Focus sull’ordinanza della Corte di Cassazione, (Sez. V), del 31 dicembre 2025, n. 35019
 
 
 
 

24 FEBBRAIO 2026

L’intimazione di pagamento non è un atto meramente sollecitatorio, ma un provvedimento autonomamente impugnabile, funzionalmente equiparabile all’avviso di mora ex art. 19, comma 1, lett. e), D.lgs. 546/1992. Con ordinanza della Corte di Cassazione, (Sez. V), del 31 dicembre2025, n. 35019, si afferma che la sua mancata impugnazione nei termini comporta la cristallizzazione della pretesa tributaria. Il contribuente non potrà successivamente far valere vizi relativi ad atti presupposti non notificati né eccepire la prescrizione maturata prima dell’intimazione.

L’intimazione come atto autonomamente impugnabile

Con l”ordinanza, illustrata dall’Agenzia delle Entrate in un contributo del 19 febbraio, la Corte di cassazione interviene su un tema centrale del contenzioso tributario: la natura e gli effetti dell’intimazione di pagamento.
Secondo i giudici di legittimità, l’intimazione non rappresenta un semplice atto interno o un sollecito privo di autonoma rilevanza, bensì un atto funzionalmente equiparabile all’avviso di mora previsto dall’art. 19, comma 1, lettera e), del d.lgs. 546/1992. In quanto tale, essa è autonomamente impugnabile dinanzi al giudice tributario.
Il principio si inserisce nel solco dell’orientamento che valorizza la sostanza dell’atto rispetto alla sua denominazione formale: ciò che rileva è la sua idoneità a incidere nella sfera giuridica del contribuente, manifestando in modo compiuto la pretesa impositiva.
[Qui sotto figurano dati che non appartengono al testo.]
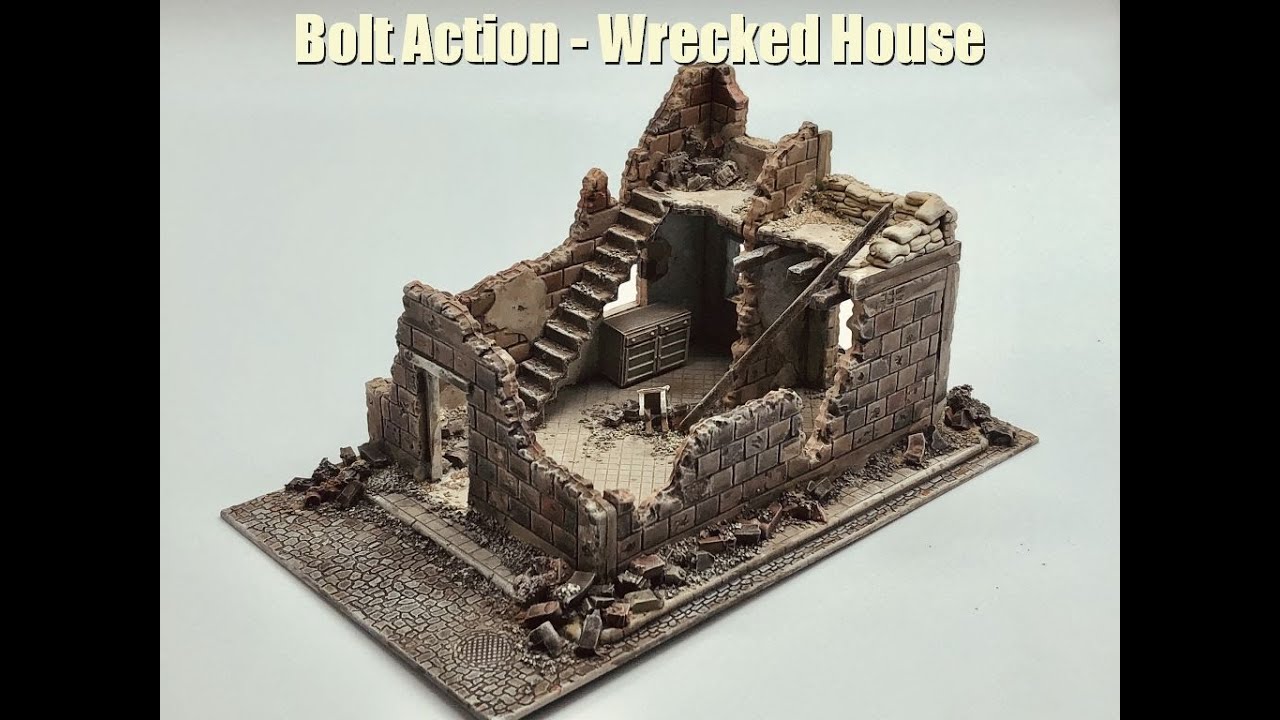 Bolt Action - Wrecked House Ruin - 28MM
Non una facoltà, ma un onere processuale

Il passaggio più significativo della pronuncia riguarda la qualificazione dell’impugnazione come onere e non mera facoltà.
La Corte chiarisce che la contestazione dell’intimazione entro i termini di legge (60 giorni dalla notifica) costituisce un preciso dovere processuale del contribuente, ove intenda mettere in discussione la legittimità della pretesa.
La mancata impugnazione determina infatti la definitività dell’atto, con effetti assimilabili a quelli che si producono in caso di mancata contestazione di un avviso di accertamento o di una cartella di pagamento.
In altre parole, l’intimazione diventa il punto di consolidamento della pretesa tributaria.
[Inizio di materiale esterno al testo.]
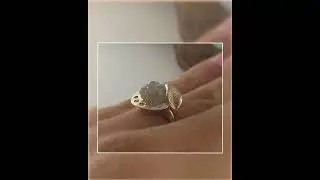 Rough Diamond Halo Engagement Ring - Yellow Gold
La “cristallizzazione” della pretesa tributaria

La sentenza utilizza un concetto ormai centrale nella giurisprudenza di legittimità: la cristallizzazione del credito erariale.
Se l’intimazione non viene impugnata nei termini, il contribuente:
non potrà più far valere eventuali vizi relativi agli atti presupposti non notificati, come la cartella di pagamento;
non potrà eccepire l’intervenuta prescrizione del credito maturata prima della notifica dell’intimazione.
Il principio ha una portata rilevante sul piano pratico. Spesso il contribuente, ricevuta un’intimazione a distanza di anni dalla presunta notifica della cartella, solleva in giudizio l’eccezione di mancata notifica dell’atto presupposto o di prescrizione del credito.
Secondo la Cassazione, tuttavia, tali censure devono essere veicolate attraverso l’impugnazione tempestiva dell’intimazione stessa. In difetto, ogni contestazione successiva resta preclusa.

Effetti sulla prescrizione del credito

Particolarmente incisiva è la posizione della Corte in tema di prescrizione.
La sentenza precisa che l’omessa impugnazione dell’intimazione impedisce di far valere in un momento successivo la prescrizione già maturata prima della notifica dell’intimazione.
Ne consegue che l’atto, una volta divenuto definitivo, “consolida” anche il profilo temporale della pretesa, impedendo al contribuente di riaprire la questione in sede di opposizione ad atti esecutivi o in altri giudizi successivi.
Si rafforza così la funzione dell’intimazione quale atto di chiusura della fase amministrativa e di apertura, eventuale, del contenzioso.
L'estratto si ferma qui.